For many companies, their biggest security vulnerabilities are hiding in plain sight: their employees. Willis Towers Watson claims data shows that two-thirds of cyber breaches are caused by employee negligence. Companies make significant infrastructure investments to defend against external cyber threats, yet our data shows that only 18 percent of cyber breaches are driven by external threats.
As a result of this growing recognition of the human element in cyber risk, about 75 percent of employers plan on addressing factors tied to human error in the next three years, according to the Willis Towers Watson “2017 Cyber Risk Survey”.
What will it take for employers to meet this challenge? First, they need to understand the scope of the threat. Next, they must understand the strategies that can turn their biggest security vulnerabilities – employees – into their first line of defense instead.
Assessing the Insider Threat
Most employers say they have established effective policies to manage cybersecurity threats, and most employees indicate that they understand their companies’ policies. In practice, however, employees often lack the awareness and accountability required to thwart cyber threats.
It starts with understanding. Employees often lack awareness of cybersecurity risks at a basic level. For example, a commonly held belief among employees is that their organizations’ IT systems are their ultimate protection. This thinking may explain why roughly 45 percent of employees say that it’s safe to open any email on their work computer, according to the Willis Towers Watson survey.
Other behaviors that threaten data privacy and security include: using a personal or public computer or cellular device to access confidential company information (approximately 40 percent); logging into a work device on an unsecured public network (approximately 30 percent); and using a work computer in public settings (approximately 30 percent).
Building a Cyber-Savvy Culture
In many respects, workforce culture drives employee behavior. This is certainly true when it comes to security Many employers indicate that they are looking to build cultures of cyber-risk awareness in their organizations to promote employee behaviors that will lessen their vulnerability to cyber threats.
Employee feedback mechanisms can enable employers to gain deeper understandings of the cultural factors influencing employees’ cyber awareness across their organization.
The following are steps organizations can take to a build strong, cyber-savvy cultures:
Encourage an Ongoing Learning Environment
As companies begin to build cyber-savvy cultures, they cannot afford to overlook or underestimate the value of tailored and specific training. In fact, our research reveals that employees in companies that experienced data breaches gave their companies significantly lower scores in the area of training compared to the ratings from employees in high-performing companies.

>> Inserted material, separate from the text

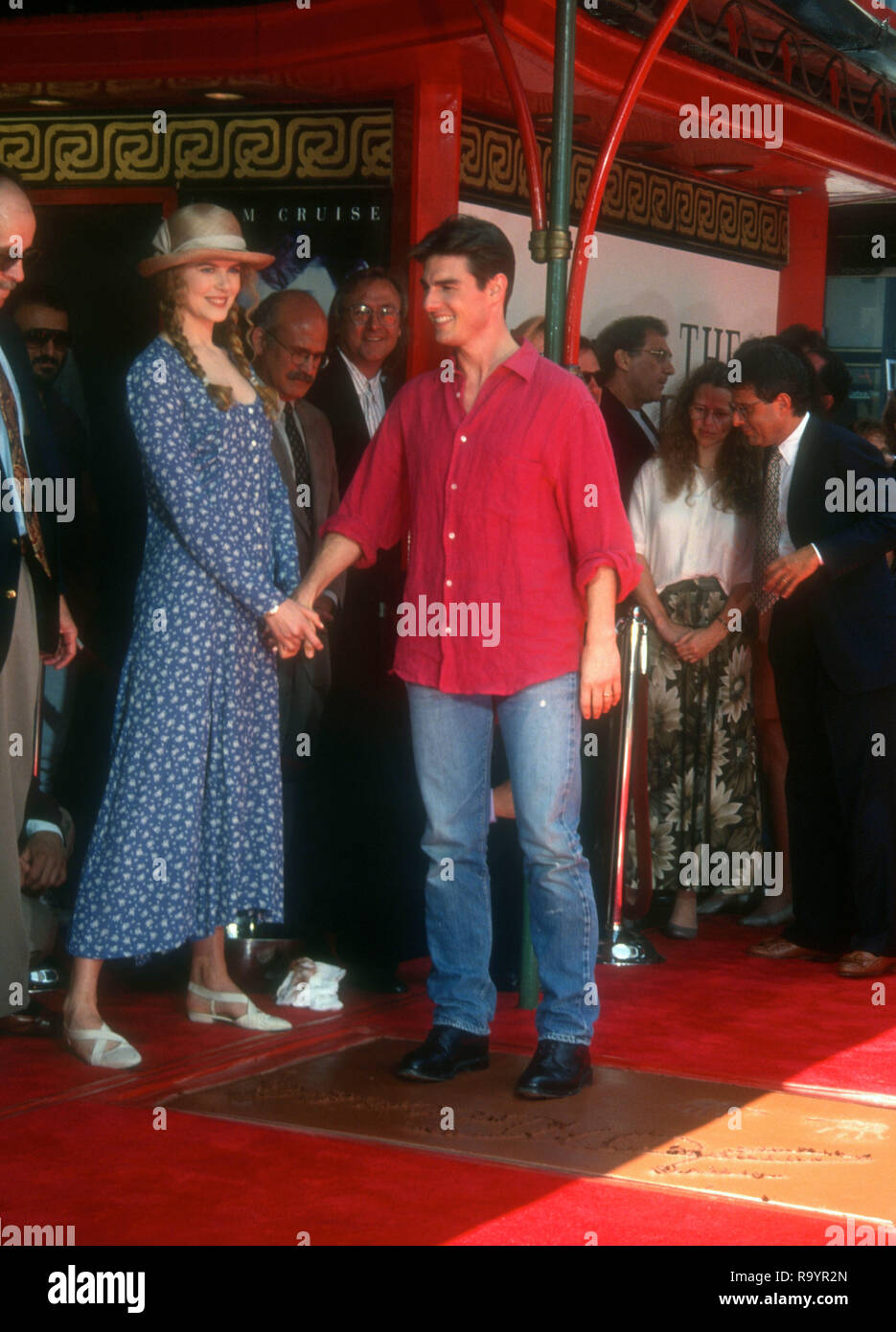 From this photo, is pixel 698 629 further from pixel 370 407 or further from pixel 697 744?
pixel 370 407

Moreover, based on employee responses to questions regarding how they use technology at home and at work, we defined four types of employee attitude towards cybersecurity:
- Aware: those who protect personal information in daily life and are aware of information security at work.
- Comply: those who follow data protection policies at work but are careless on a personal level.
- Ignore: those who pay attention to protecting personal information, but who don’t act with the same care at work.
- Unconcerned: those whose technology usage patterns at home and work may lead to potential cyber risks.
Our research shows that just over 30 percent of employees fall into the “aware” category, while more than 70 percent of employees exhibited safer behavior after at least a half day of training. Furthermore, employees who spend more time on cybersecurity training are more inclined to report coworkers who breach data protection policies.
Develop Cyber Talent Strategies
Employers need to cultivate robust pipelines of cyber-savvy talent. Onboarding for new information security talent should cover cyber-risk management processes and procedures. These topics should also be embedded throughout the talent life cycle, from performance management to succession planning. Likewise, an effective retention strategy for information security professionals should include ongoing training to keep their skills up to date and to enable staff to advance in their roles.
Empower Employees: Your Most Effective Defense
Robust cyber-risk management requires not only state-of-the-art technology solutions, but also effective human capital programs. It takes a culture of cyber awareness, an ongoing learning environment, and forward-looking talent strategies to build and sustain employees’ “cyber IQs.” Cyber-savvy, empowered employees will serve as your most effective defense against cyber threats.
A comprehensive cyber-risk strategy that encompasses all aspects of an organization is vital for any business in today’s threat landscape. For true bottom-up integration of cyber protections to have an impact, companies need to actively engage their employees and get them involved. It is through a strong corporate culture that organizations can create strong lines of defense and protect their valuable assets throughout the corporate hierarchy.
Suzanne McAndrew is a global business leader for the talent line of business for Willis Towers Watson.